Nu niet blijkt dat het hof een dergelijk onderzoek heeft verricht, kan zijn oordeel niet in stand blijven.
3.5.1 Onderdeel 7 klaagt dat het hof in het kader van zijn berekening van de draagkracht van de man (in rov. 4.17) wel ambtshalve rekening heeft gehouden met het feit dat het oudste kind ([kind 1]) vanaf 1 augustus 2010 ouder is dan 21 jaar en daarmee geen recht meer heeft op door de man te betalen kinderalimentatie, maar heeft verzuimd eenzelfde redenering te volgen ten aanzien van het tweede kind ([kind 2]), dat op 2 oktober 2011 21 jaar is geworden.
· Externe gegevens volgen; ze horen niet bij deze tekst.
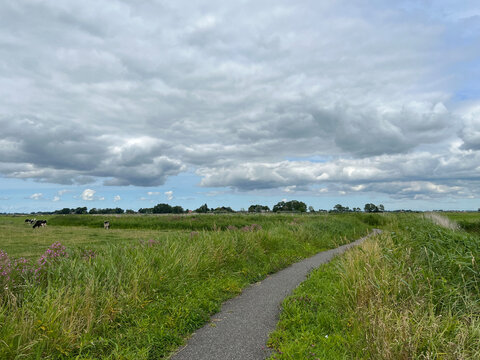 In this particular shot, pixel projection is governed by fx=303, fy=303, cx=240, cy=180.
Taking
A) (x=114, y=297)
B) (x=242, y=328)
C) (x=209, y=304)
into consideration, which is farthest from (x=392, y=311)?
(x=114, y=297)

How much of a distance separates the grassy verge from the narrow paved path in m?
0.37

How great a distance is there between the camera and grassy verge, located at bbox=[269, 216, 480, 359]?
4621mm

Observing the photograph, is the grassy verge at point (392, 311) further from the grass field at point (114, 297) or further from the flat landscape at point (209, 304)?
the grass field at point (114, 297)

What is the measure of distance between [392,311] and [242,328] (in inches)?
121

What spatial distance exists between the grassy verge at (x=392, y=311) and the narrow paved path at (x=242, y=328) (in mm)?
372

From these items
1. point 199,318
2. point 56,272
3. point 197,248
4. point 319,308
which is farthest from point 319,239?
point 56,272

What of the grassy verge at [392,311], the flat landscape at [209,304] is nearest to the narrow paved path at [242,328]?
the flat landscape at [209,304]

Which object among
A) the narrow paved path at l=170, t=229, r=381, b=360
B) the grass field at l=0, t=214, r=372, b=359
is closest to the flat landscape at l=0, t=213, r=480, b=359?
the grass field at l=0, t=214, r=372, b=359

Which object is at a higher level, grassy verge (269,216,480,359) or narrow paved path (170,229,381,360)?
grassy verge (269,216,480,359)

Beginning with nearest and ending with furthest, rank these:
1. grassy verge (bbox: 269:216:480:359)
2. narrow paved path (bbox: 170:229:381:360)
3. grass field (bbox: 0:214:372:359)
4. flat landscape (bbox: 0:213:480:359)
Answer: grassy verge (bbox: 269:216:480:359) < flat landscape (bbox: 0:213:480:359) < grass field (bbox: 0:214:372:359) < narrow paved path (bbox: 170:229:381:360)

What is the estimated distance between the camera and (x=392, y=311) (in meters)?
5.30

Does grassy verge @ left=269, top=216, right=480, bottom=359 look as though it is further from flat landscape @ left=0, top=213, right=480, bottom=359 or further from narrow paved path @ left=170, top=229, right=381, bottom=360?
narrow paved path @ left=170, top=229, right=381, bottom=360

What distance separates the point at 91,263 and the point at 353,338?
21.9 feet

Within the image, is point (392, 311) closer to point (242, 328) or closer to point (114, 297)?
point (242, 328) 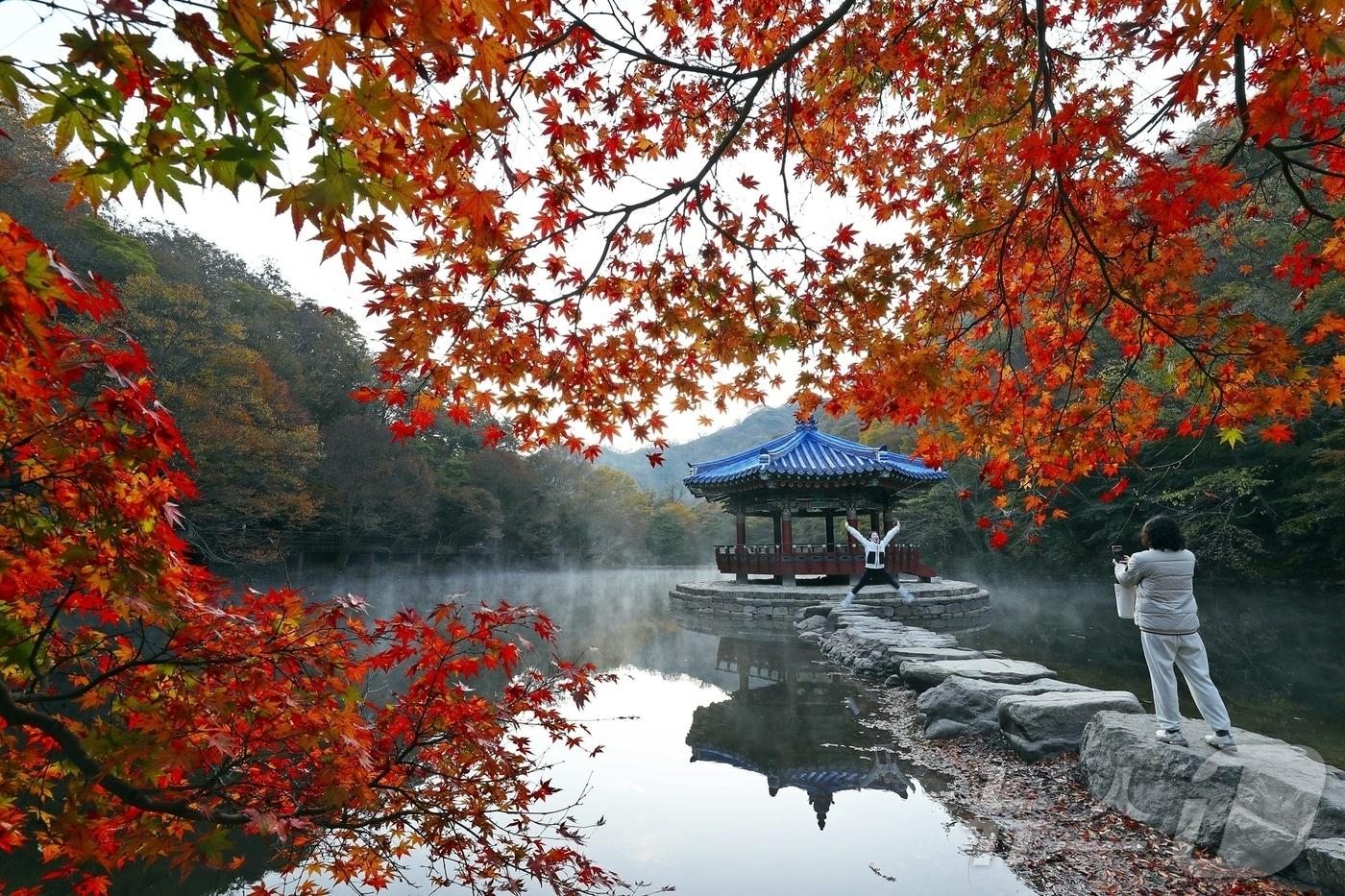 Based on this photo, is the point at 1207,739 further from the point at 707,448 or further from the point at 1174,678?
the point at 707,448

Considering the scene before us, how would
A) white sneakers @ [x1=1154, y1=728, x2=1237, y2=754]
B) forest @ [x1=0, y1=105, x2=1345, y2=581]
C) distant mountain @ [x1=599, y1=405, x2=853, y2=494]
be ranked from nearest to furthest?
1. white sneakers @ [x1=1154, y1=728, x2=1237, y2=754]
2. forest @ [x1=0, y1=105, x2=1345, y2=581]
3. distant mountain @ [x1=599, y1=405, x2=853, y2=494]

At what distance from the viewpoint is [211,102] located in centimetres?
142

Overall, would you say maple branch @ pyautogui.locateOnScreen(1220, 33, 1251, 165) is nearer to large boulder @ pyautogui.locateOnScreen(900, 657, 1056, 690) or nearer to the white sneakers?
the white sneakers

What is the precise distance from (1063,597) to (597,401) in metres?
18.0

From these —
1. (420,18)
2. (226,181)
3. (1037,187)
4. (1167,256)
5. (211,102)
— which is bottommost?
(226,181)

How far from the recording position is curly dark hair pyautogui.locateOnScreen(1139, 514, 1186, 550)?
3.91m

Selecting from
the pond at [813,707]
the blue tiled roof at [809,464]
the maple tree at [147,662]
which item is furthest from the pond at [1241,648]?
the maple tree at [147,662]

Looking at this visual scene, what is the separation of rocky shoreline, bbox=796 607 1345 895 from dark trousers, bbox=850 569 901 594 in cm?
832

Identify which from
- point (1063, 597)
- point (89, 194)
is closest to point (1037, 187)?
point (89, 194)

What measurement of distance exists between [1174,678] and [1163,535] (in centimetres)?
83

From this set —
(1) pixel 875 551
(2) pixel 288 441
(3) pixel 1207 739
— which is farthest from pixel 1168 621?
(2) pixel 288 441

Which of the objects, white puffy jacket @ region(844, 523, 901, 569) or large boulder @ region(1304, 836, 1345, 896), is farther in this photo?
white puffy jacket @ region(844, 523, 901, 569)

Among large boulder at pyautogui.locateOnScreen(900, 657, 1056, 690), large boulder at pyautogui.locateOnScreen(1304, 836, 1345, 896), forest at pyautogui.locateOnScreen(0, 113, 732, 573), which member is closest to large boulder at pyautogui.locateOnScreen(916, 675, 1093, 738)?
large boulder at pyautogui.locateOnScreen(900, 657, 1056, 690)

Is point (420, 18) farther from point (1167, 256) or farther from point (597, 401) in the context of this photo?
point (1167, 256) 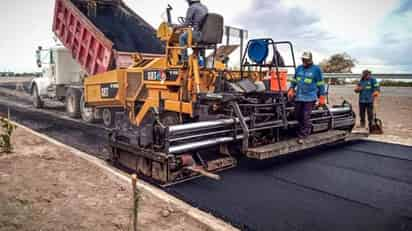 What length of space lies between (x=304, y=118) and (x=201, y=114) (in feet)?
5.86

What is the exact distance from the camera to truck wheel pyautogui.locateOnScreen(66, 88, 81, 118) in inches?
391

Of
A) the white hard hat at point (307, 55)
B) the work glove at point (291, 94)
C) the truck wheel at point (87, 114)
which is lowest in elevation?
the truck wheel at point (87, 114)

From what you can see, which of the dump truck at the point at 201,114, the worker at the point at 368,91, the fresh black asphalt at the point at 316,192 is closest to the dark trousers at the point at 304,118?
the dump truck at the point at 201,114

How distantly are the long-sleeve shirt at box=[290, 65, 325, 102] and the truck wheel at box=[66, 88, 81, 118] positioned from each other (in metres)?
6.63

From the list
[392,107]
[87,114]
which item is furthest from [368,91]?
[87,114]

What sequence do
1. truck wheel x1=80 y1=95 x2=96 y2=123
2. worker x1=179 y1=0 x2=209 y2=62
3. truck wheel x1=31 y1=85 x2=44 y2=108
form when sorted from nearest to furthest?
worker x1=179 y1=0 x2=209 y2=62, truck wheel x1=80 y1=95 x2=96 y2=123, truck wheel x1=31 y1=85 x2=44 y2=108

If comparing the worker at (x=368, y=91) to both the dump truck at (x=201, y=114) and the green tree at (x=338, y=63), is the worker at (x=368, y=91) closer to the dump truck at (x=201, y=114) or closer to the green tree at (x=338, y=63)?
the dump truck at (x=201, y=114)

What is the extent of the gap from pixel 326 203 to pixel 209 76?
2.88 m

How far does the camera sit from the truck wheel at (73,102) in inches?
391

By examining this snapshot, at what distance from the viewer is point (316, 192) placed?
12.6 feet

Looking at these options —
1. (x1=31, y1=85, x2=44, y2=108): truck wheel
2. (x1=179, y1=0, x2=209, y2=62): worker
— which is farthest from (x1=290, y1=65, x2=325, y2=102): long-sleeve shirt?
(x1=31, y1=85, x2=44, y2=108): truck wheel

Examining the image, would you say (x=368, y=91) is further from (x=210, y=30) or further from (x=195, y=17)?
(x=195, y=17)

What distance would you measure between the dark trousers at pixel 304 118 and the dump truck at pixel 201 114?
12cm

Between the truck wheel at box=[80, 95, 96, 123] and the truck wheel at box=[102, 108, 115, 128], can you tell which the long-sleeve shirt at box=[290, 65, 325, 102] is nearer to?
the truck wheel at box=[102, 108, 115, 128] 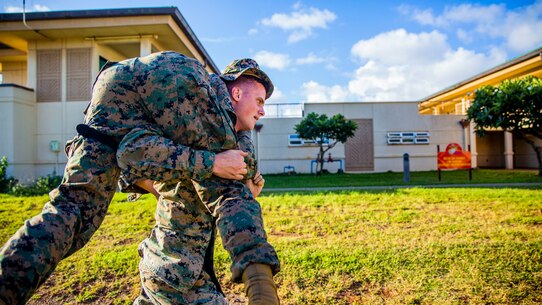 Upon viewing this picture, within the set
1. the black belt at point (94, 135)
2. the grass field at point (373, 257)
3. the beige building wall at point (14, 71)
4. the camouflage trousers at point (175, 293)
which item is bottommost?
the grass field at point (373, 257)

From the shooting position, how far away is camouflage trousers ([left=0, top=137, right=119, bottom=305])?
1.16 m

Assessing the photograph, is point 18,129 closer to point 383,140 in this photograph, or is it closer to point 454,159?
point 454,159

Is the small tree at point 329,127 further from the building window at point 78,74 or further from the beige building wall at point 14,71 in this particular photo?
the beige building wall at point 14,71

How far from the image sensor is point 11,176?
12164 mm

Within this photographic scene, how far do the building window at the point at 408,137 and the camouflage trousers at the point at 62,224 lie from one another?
22740 millimetres

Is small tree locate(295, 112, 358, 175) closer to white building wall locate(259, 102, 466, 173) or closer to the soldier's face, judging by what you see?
white building wall locate(259, 102, 466, 173)

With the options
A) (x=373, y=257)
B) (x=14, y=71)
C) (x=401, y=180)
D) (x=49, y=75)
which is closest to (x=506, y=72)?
(x=401, y=180)

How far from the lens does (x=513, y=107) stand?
13039 millimetres

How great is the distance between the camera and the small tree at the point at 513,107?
12.7 meters

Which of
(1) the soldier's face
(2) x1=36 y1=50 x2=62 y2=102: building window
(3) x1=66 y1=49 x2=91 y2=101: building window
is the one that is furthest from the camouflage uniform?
(2) x1=36 y1=50 x2=62 y2=102: building window

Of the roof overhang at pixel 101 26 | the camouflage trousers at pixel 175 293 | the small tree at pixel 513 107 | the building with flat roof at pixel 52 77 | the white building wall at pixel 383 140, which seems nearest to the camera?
the camouflage trousers at pixel 175 293

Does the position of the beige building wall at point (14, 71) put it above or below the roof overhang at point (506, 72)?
below

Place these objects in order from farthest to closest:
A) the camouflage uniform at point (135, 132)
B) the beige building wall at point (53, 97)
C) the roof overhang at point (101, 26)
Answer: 1. the beige building wall at point (53, 97)
2. the roof overhang at point (101, 26)
3. the camouflage uniform at point (135, 132)

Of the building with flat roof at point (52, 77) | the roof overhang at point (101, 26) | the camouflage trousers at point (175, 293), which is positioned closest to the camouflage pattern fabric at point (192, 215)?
the camouflage trousers at point (175, 293) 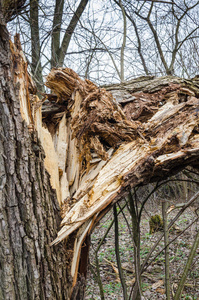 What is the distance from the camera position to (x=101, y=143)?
74.5 inches

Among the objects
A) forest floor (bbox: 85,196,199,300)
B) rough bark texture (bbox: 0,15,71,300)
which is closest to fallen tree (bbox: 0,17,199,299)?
rough bark texture (bbox: 0,15,71,300)

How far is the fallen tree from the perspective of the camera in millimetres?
1205

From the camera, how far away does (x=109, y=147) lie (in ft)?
6.23

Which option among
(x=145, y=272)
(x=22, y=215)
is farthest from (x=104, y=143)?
(x=145, y=272)

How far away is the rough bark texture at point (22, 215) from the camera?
45.8 inches

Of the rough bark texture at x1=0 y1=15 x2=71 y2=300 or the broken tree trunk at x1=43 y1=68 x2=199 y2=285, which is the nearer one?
the rough bark texture at x1=0 y1=15 x2=71 y2=300

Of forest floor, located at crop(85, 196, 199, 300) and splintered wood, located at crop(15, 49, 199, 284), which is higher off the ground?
splintered wood, located at crop(15, 49, 199, 284)

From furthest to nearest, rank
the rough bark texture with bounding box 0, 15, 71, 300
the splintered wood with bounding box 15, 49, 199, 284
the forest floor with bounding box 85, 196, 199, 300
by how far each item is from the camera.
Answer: the forest floor with bounding box 85, 196, 199, 300
the splintered wood with bounding box 15, 49, 199, 284
the rough bark texture with bounding box 0, 15, 71, 300

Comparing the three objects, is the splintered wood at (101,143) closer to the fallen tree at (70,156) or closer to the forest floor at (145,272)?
the fallen tree at (70,156)

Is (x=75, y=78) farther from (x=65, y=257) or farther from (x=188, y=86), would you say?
(x=65, y=257)

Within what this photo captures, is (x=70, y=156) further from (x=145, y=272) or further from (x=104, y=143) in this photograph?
(x=145, y=272)

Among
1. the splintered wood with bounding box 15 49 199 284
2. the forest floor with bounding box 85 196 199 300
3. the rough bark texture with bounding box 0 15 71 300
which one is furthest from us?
the forest floor with bounding box 85 196 199 300

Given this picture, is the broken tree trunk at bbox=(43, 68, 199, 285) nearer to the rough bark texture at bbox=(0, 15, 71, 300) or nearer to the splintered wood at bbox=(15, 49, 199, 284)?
the splintered wood at bbox=(15, 49, 199, 284)

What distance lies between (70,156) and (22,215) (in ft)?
2.40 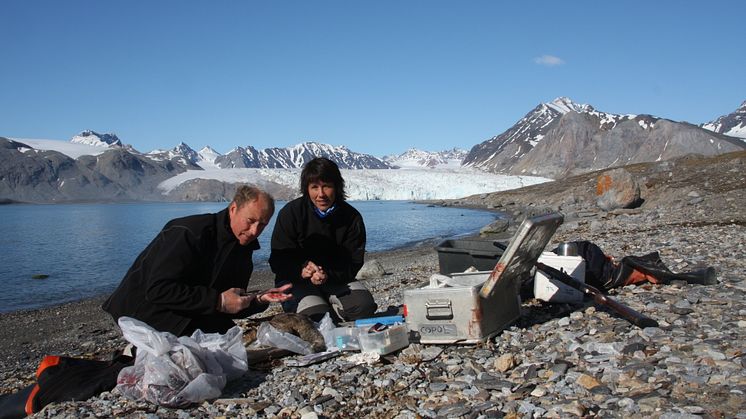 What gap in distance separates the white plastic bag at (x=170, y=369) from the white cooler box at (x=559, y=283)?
10.6ft

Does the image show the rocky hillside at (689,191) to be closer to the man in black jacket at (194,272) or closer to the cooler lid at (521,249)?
the cooler lid at (521,249)

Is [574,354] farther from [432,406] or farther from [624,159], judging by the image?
[624,159]

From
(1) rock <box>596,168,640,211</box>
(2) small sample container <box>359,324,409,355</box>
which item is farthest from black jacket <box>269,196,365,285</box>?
(1) rock <box>596,168,640,211</box>

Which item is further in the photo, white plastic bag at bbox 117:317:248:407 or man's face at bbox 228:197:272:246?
man's face at bbox 228:197:272:246

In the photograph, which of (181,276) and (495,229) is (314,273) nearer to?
(181,276)

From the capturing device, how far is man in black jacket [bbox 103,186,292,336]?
13.8 feet

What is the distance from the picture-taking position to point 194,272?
4371mm

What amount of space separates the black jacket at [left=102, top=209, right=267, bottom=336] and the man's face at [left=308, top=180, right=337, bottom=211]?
3.74ft

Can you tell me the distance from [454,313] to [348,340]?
0.94 m

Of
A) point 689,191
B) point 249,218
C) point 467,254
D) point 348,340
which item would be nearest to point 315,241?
point 348,340

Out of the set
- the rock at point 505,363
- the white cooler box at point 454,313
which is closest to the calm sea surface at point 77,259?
the white cooler box at point 454,313

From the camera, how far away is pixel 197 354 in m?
3.92

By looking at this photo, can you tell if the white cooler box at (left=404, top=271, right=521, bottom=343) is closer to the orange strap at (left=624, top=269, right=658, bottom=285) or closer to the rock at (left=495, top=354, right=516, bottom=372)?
the rock at (left=495, top=354, right=516, bottom=372)

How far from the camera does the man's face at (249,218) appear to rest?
4363 mm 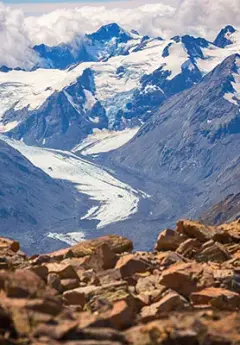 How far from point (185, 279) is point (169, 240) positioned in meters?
9.78

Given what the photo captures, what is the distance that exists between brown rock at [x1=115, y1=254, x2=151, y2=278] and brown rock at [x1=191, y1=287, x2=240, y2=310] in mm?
4285

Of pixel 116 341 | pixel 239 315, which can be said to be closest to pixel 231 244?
pixel 239 315

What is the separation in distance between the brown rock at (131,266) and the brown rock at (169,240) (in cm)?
609

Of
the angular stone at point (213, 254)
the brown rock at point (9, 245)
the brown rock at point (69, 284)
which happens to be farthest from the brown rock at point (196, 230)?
the brown rock at point (69, 284)

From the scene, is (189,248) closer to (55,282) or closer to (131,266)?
(131,266)

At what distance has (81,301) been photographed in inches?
1280

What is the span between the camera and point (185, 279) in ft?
117

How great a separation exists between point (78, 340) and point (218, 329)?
4.44 m

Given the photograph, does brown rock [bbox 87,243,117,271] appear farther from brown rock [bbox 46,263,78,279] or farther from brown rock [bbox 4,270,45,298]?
brown rock [bbox 4,270,45,298]

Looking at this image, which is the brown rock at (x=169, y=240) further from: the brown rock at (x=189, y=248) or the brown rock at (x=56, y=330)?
the brown rock at (x=56, y=330)

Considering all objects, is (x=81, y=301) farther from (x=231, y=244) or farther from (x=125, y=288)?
Result: (x=231, y=244)

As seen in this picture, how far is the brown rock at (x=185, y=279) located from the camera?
35.3 metres

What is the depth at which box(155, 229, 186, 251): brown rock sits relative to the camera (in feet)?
148

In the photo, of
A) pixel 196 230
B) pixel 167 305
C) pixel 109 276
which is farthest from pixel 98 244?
pixel 167 305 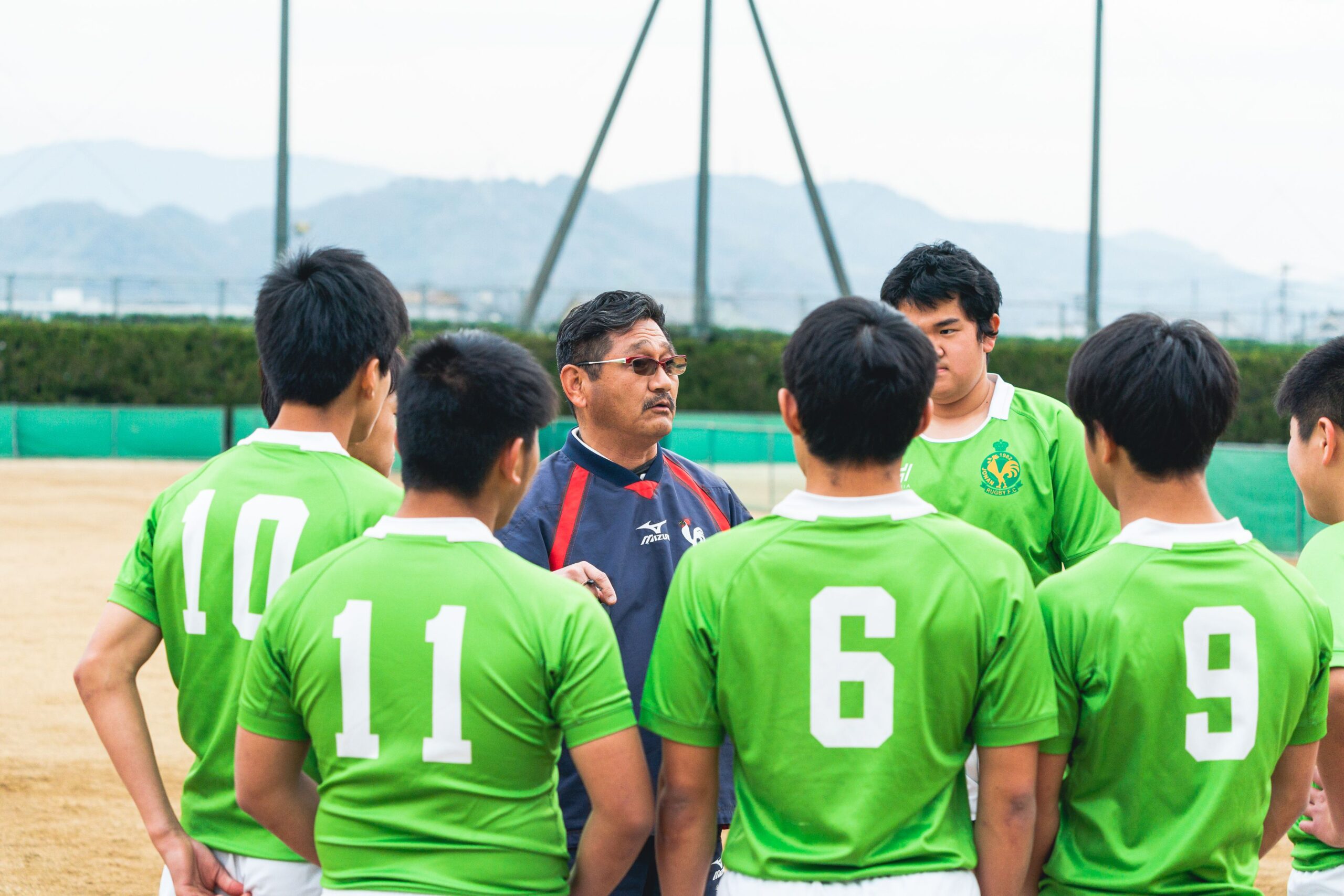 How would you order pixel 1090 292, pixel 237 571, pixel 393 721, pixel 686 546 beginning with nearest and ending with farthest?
pixel 393 721 → pixel 237 571 → pixel 686 546 → pixel 1090 292

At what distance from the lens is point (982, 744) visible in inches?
86.4

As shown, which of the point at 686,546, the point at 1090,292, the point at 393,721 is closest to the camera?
the point at 393,721

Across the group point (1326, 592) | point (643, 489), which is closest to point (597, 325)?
point (643, 489)

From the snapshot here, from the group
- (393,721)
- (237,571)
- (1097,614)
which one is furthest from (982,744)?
(237,571)

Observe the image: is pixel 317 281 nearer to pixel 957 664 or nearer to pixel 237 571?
pixel 237 571

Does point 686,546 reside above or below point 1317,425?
below

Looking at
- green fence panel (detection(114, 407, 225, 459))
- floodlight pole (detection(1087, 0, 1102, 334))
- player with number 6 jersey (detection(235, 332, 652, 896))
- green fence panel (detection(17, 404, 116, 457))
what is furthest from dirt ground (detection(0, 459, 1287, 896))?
floodlight pole (detection(1087, 0, 1102, 334))

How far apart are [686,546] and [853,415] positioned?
3.49 ft

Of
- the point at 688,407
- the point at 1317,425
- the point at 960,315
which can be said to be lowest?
the point at 688,407

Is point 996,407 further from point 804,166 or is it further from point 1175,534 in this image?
point 804,166

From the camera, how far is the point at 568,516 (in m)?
3.09

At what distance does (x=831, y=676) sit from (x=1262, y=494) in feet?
45.2

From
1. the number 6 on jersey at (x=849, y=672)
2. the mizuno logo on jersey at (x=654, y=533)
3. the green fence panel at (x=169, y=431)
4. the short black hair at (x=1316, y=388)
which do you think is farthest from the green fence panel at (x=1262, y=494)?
the green fence panel at (x=169, y=431)

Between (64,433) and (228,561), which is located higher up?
(228,561) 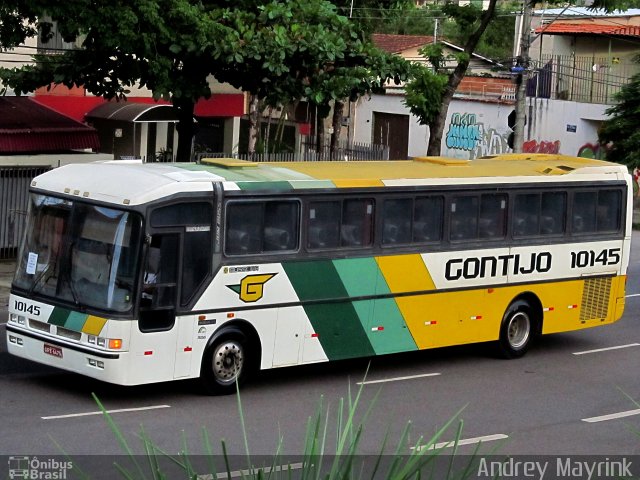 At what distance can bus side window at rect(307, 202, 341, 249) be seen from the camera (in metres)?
13.6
3.5.2 Deze klacht is gegrond. In rov. 4.17 heeft het hof geoordeeld dat de man zonder meer in staat is de vastgestelde alimentatie van € 400,-- per maand per kind "voor de drie kinderen van partijen die nog geen 21 jaar zijn", te blijven betalen. Voorts blijkt uit de berekening aan het slot van rov. 4.17 dat het hof is uitgegaan van een door de man vanaf 1 januari 2012 te betalen kinderalimentatie van € 1.200,-- per maand, hetgeen overeenkomt met een alimentatieverplichting voor drie kinderen van € 400,-- per maand per kind. Bij een en ander heeft het hof kennelijk uit het oog verloren dat, zoals blijkt uit rov. 3.2, [kind 2] op 2 oktober 1990 is geboren, en de man derhalve vanaf 2 oktober 2011 nog slechts een wettelijke onderhoudsplicht heeft jegens de jongste twee kinderen ([kind 3] en [kind 4]).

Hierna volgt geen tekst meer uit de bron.